:: DATA FOR THE TASK

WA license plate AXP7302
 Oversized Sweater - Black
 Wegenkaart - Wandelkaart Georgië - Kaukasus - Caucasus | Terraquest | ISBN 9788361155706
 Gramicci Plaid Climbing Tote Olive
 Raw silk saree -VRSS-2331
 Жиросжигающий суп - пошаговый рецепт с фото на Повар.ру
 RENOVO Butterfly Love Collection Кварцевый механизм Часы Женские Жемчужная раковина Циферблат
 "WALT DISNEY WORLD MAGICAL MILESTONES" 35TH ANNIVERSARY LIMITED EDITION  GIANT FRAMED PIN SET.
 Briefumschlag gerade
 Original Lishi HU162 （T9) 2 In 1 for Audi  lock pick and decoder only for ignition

::::

PROBLEM STATEMENT: Every record must be given again exactly as it was written.

WRITTEN ANSWER:
WA license plate AXP7302
 Oversized Sweater - Black
 Wegenkaart - Wandelkaart Georgië - Kaukasus - Caucasus | Terraquest | ISBN 9788361155706
 Gramicci Plaid Climbing Tote Olive
 Raw silk saree -VRSS-2331
 Жиросжигающий суп - пошаговый рецепт с фото на Повар.ру
 RENOVO Butterfly Love Collection Кварцевый механизм Часы Женские Жемчужная раковина Циферблат
 "WALT DISNEY WORLD MAGICAL MILESTONES" 35TH ANNIVERSARY LIMITED EDITION  GIANT FRAMED PIN SET.
 Briefumschlag gerade
 Original Lishi HU162 （T9) 2 In 1 for Audi  lock pick and decoder only for ignition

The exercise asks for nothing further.